SQL Persistence in Python¶

In this tutorial, you’ll walk through some basic concepts of data persistence using the most common Python DBAPI2 connector for the PostgreSQL database, pyscopg2.

This will build a very basic understanding of working with PostgreSQL in Python. However you may wish to bookmark the postgreSQL documentation and the psycopg2 documentation for future reference.

Begin by activating the virtualenv we created in class:

heffalump:psycopg2 cewing$ workon psycopg2
[psycopg2]
heffalump:psycopg2 cewing$

Interacting With the Database¶

Once all that is in place, we’re ready to interact with our database using psycopg2.

Connections and Cursors¶

We’ll begin by getting connected. Connecting to any database consists of providing a specially-formatted string to the connector, called a DSN or Data Source Name.

Each different type of database uses a different format for this string. In PostgreSQL it is typically a set of key=value pairs where the keys come from a defined set of possible keys.

There are a lot of possible keywords, but the ones you are most likely to see and use are:

dbname: the name of the database in the server you want to connect with.
host: the hostname on which the server is listening. This can also be a pathname to a socket file if the system is using Unix Domain Socket connections.
port: the port number on which the server is listening. This can also be a socket file extension if the system is using Unix Domain Socket connections.
user: The username to use when connecting to the database. Default is the system name of the user who is running the connect command.
password: The password of the user. This is only used if the system requires password authentication.

We set up our database to allow us to connect directly using ident authorization. So the only parameters we must pass are the dbname and user.

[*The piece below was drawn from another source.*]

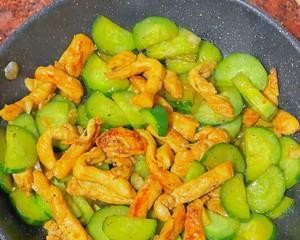 家常菜谱（简单易学的美味家常菜）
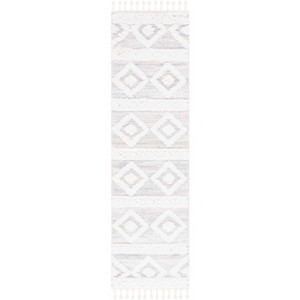 Moroccan Tassel Shag MTS640 Power Loomed Indoor Rugs - Safavieh - 1 of 4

Fire up an interactive Python session and get a connection:

[psycopg2]
heffalump:psycopg2 cewing$ python
Python 2.7.5 (default, Aug 25 2013, 00:04:04)
[GCC 4.2.1 Compatible Apple LLVM 5.0 (clang-500.0.68)] on darwin
Type "help", "copyright", "credits" or "license" for more information.
>>> import psycopg2
>>> conn = psycopg2.connect(dbname="psycotest", user="cewing")
>>> conn
<connection object at 0x7fafc8e005c0; dsn: 'user=cewing dbname=psycotest', closed: 0>
>>>

A connection represents our tie to the database. But to interact with it, we want to use a cursor:

>>> cur = conn.cursor()
>>> cur
<cursor object at 0x10a370718; closed: 0>
>>>

The cursor is a local representation of the state of the database. You can execute statements on it, and see the results of those statements, but until you commit a transaction, the changes are not persisted to the system on disk.

Simple Inserts and Selects¶

Use your cursor to insert a new record into the author table:

>>> insert = "INSERT INTO author (name) VALUES('Iain M. Banks');"
>>> cur.execute(insert)
>>> cur.rowcount
1
>>>

Notice that we execute a statement using the cursor. After this is done, we can interrogate the cursor to find out what happened. In this case, we can learn that one row was inserted.

NOTE:

Every so often, you will make an error in typing an SQL command. When you try to execute the statement, you’ll be informed of the error. This is nice. It’s important to note, though, that many kinds of errors can result in the current transaction with the database being “aborted”.

When this happens, you’ll see error messages like this:

>>> cur.execute(insert)
Traceback (most recent call last):
  File "<stdin>", line 1, in <module>
psycopg2.InternalError: current transaction is aborted, commands ignored until end of transaction block

There is nothing to fear here. You simply have to end a transaction block so that you can start interacting with the database again. The safest way is to roll back the transaction, which ensures that nothing since the last commit will be saved:

>>> conn.rollback()

(more about transactions soon)

We can also retrieve from the database the information we just inserted, using a SELECT statement:

>>> query = "SELECT * from author;"
>>> cur.execute(query)
>>> cur.fetchall()
[(1, 'Iain M. Banks')]
>>>

You’ll see that our select query found one row in the database. The row is returned as a tuple with as many values as there are columns in the query. We asked for all columns (*) and so we got two.

The order of the values in each tuple is dependent on the query. In this case we asked for all columns so we got them in the database order (id, name).

Parameterized Statements¶

Inserting static data one row at a time is tedious.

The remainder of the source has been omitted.